Most people who have fallen in love with the wrong person have felt exactly what Thomas Wyatt described five hundred years ago; bafflement, hurt, disappointment, a sort of indignant resentment that honest and true feeling have been mistreated… and a tiny thread of embarrassment that such a mistake could have been made. How could I have loved him? How could I have fallen for her? I’m better off without you… I’ll forsake you, as you have forsaken me… I know I’m doing the right thing now, I’m trying to regain control… but… but…
Thomas Wyatt, born in 1503, died in 1542, has written many sonnets, verses and other poetic works, but many were not published until after his untimely death from fever; in 1557, ninety-six of his songs appeared in the first printed anthology of English poetry, as Songs and Sonnetts in Tottel’s Miscellany. Other pieces of his work have gradually been discovered among his papers and been shared with us.
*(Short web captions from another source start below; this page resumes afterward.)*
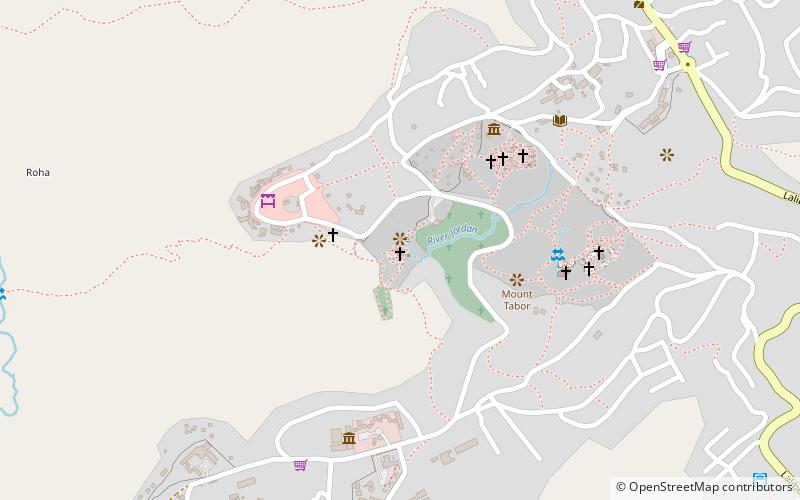 Monolithic church location map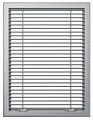 Grille fixe gfa pour volet de désenfumage optone.h 400x650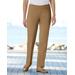 Appleseeds Women's SlimSation® Straight-Leg Pants - Brown - 20W - Womens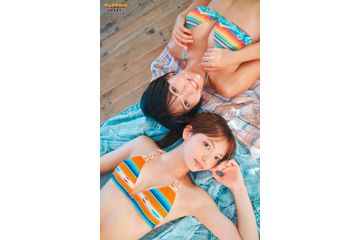 「MFGエンジェルス2023」佐々木萌香＆東条澪、カラフル水着でふっくらバスト披露 画像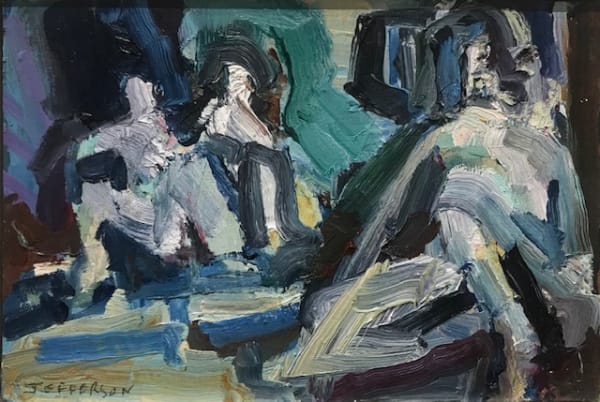 Craig Jefferson NEAC, Seated Figures 2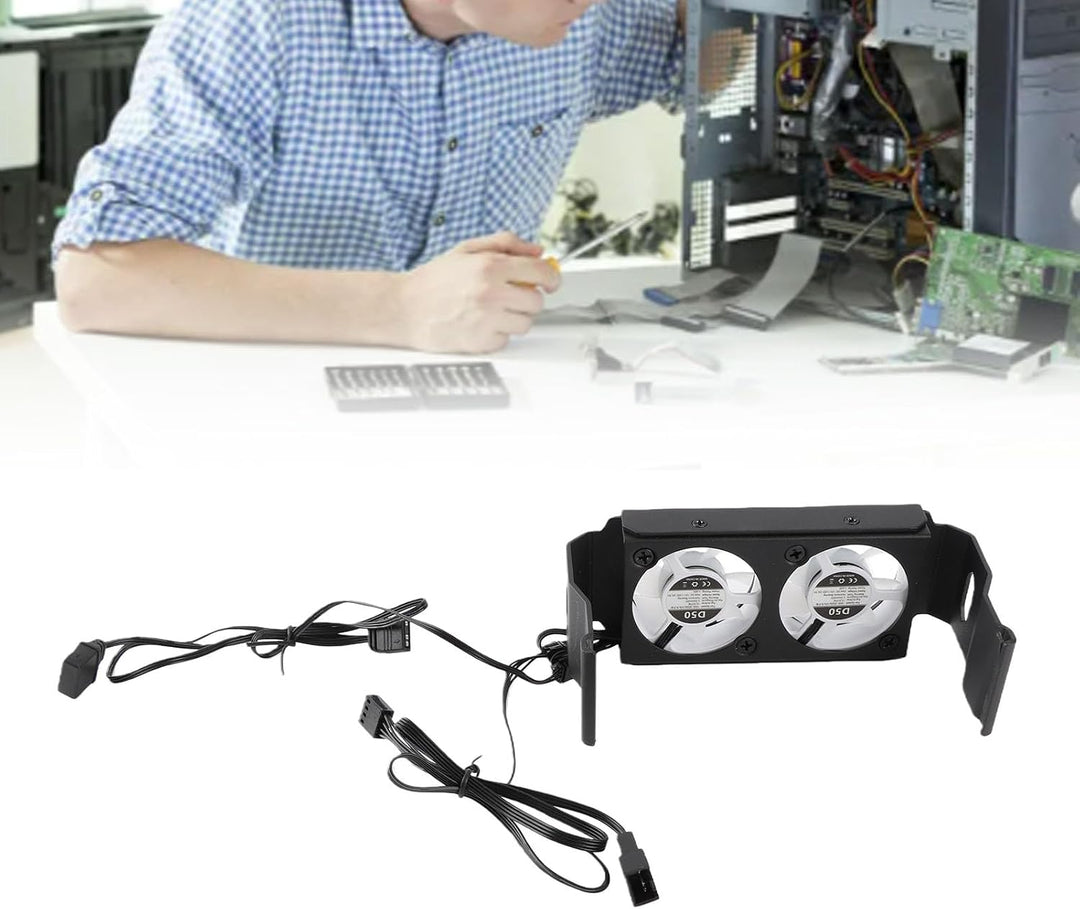 LICAEVEY Computer Memory Ram Cooler, ARGB -Lüfter, Speichermodul Kühlkörper mit 5 V 3 Pin ARGB Sync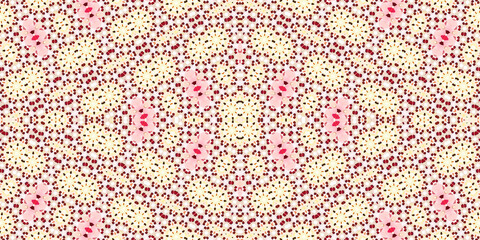 Seamless kaleidoscope pattern. The texture of the woven pattern. Endless pattern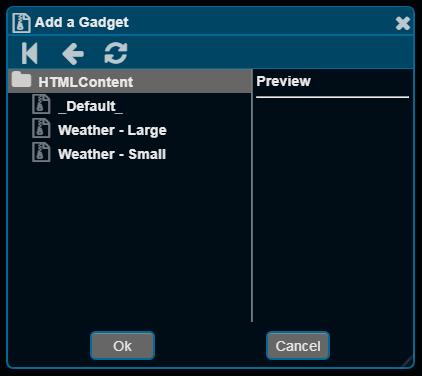 BASview 2 Dashboard HTMLcontent HTMLcontent can be used to allow you to customize the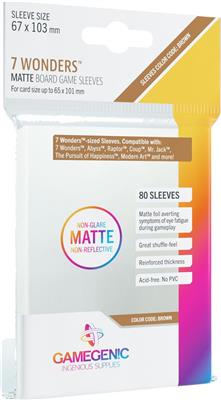 Matte Sleeves: 7 Wonders (67 X 103 MM)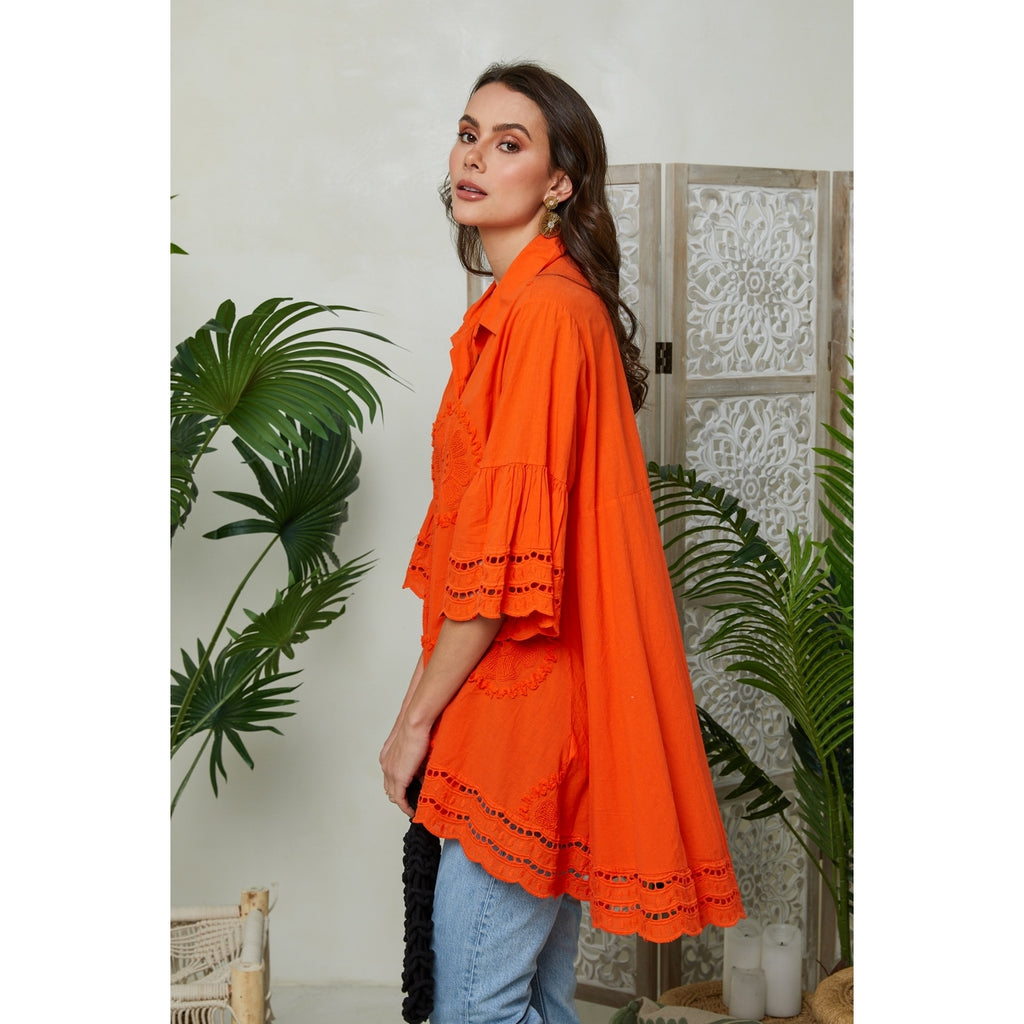 Chemise - Orange - Femme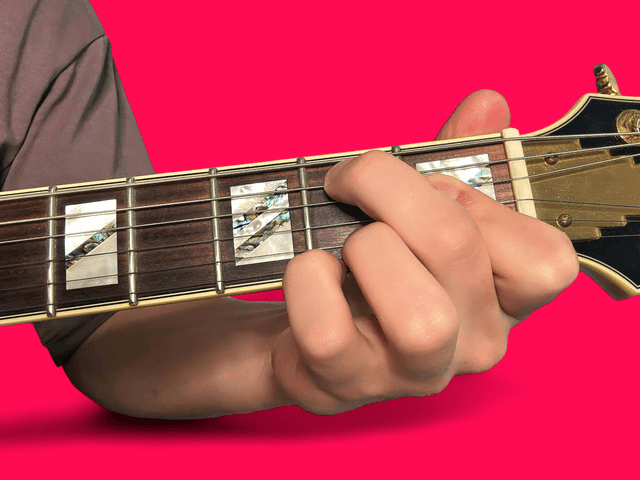 Em6 guitar chord with finger positions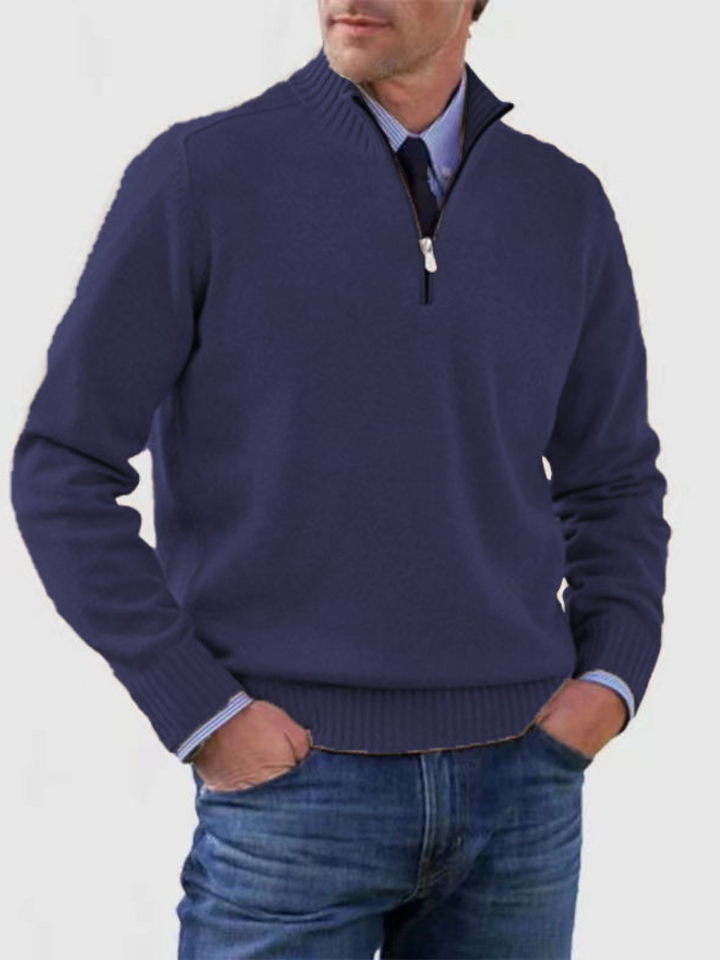 Lune London | Half-Zip Sweater for Men - Modern Fit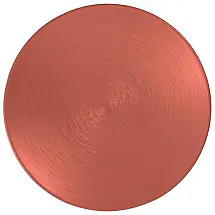 Prato para Salada de 21 cm, Mais Elegância em Sua Mesa com Formato Redondo e Material de Porcelana Premium, Villeroy Boch, Cobre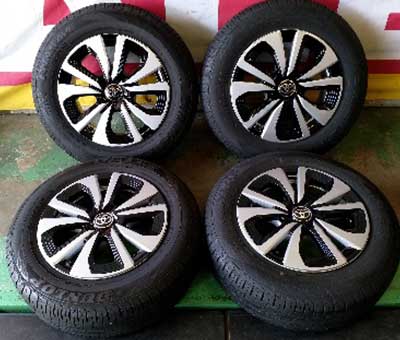 買取実績・50系プリウス純正アルミホイール+エナセーブEC204(195/65R15)セット-1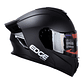 Casco Edge Abatible Boston Cert.Dot-Ece-Negro Mate - Miniatura 1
My heart I gave thee, not to do it pain;
But to preserve, it was to thee taken.
I served thee, not to be forsaken,
But that I should be rewarded again.
I was content thy servant to remain
But not to be paid under this fashion.
Now since in thee is none other reason,
Displease thee not if that I do refrain,
Unsatiate of my woe and thy desire,
Assured by craft to excuse thy fault.
But since it please thee to feign a default,
Farewell, I say, parting from the fire:
For he that believeth bearing in hand,
Plougheth in water and soweth in the sand.